The Deputy Prime Minister, John Prescott, last night vowed that the referendum on a London mayor and an assembly would go ahead in May in spite of a government defeat by six votes in the House of Lords.

Mr Prescott attacked the hereditary peers for inflicting the defeat on the Government and seeking to frustrate proposals which are expected to have widespread popular support when the referendum takes place.

The Lords passed an amendment to the Greater London Authority (Referendum) Bill, by 128 to 122, calling for the poll to be delayed until eight weeks after the Government's legislation setting out its plans for the new structures was published.

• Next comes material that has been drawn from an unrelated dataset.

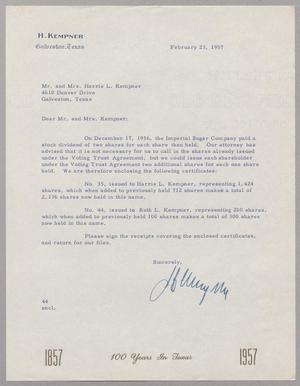 [Letter from A. H. Blackshear, Jr. to Mr. and Mrs. Harris L. Kempner, February 23, 1957]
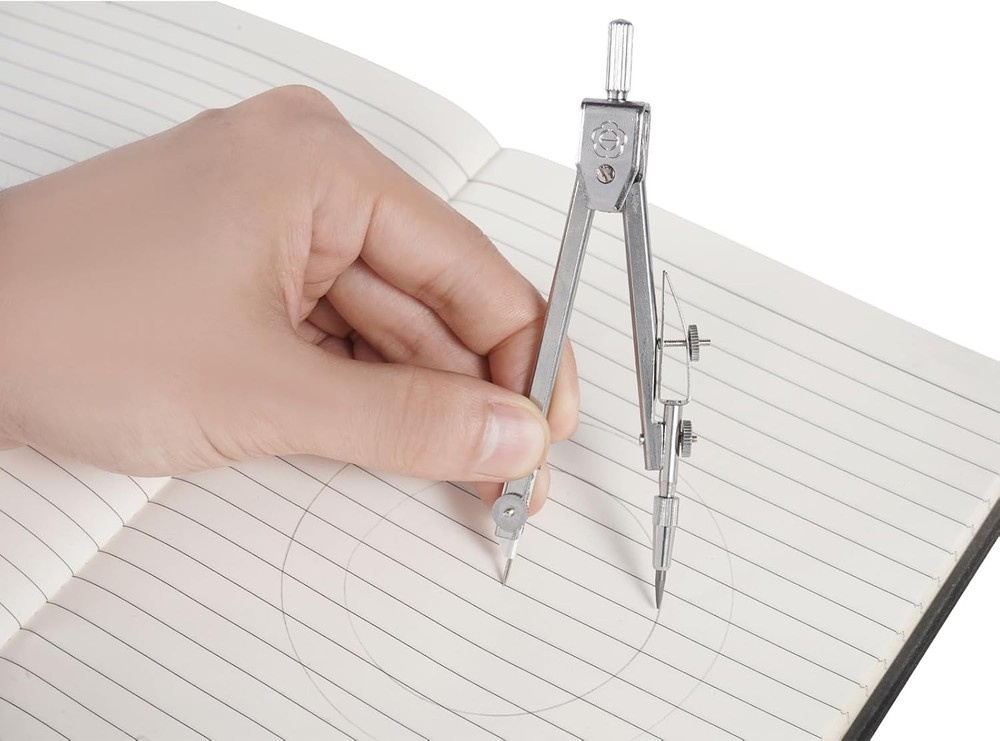 Protractor and Compass Set, Protractor, Silver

Ministerial sources said it would delay the referendum beyond the millennium. But Mr Prescott immediately hit back, saying: "It is an anti-democratic vote denying Londoners the chance to make their choice next year, decided by a handful of unelected hereditary peers.

"We fully intend to come back to the Commons to restore the right of the electors to vote in a referendum in May this year."

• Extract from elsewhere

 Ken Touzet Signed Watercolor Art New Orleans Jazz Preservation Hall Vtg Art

The defeat was seen as another nail in the coffin for the hereditary peers, and took place as a Cabinet committee chaired by Lord Irvine, the Lord Chancellor, began discussions about the Government's plans to reform the House of Lords.

The reforms will be introduced gradually, but there were growing expectations that the Government would act first on removing the right of hereditary peers to vote in the Lords.

A small number, possibly about 20, of leading hereditary peers would be given life peerages to continue an active role in the Lords, but most hereditary peers would have to quit their places in the upper chamber.

Tony Benn warned yesterday that the left wing would be pressing for the Lords reforms to go further, to have the upper chamber elected in order to avoid it becoming a super quango under the patronage of the prime minister.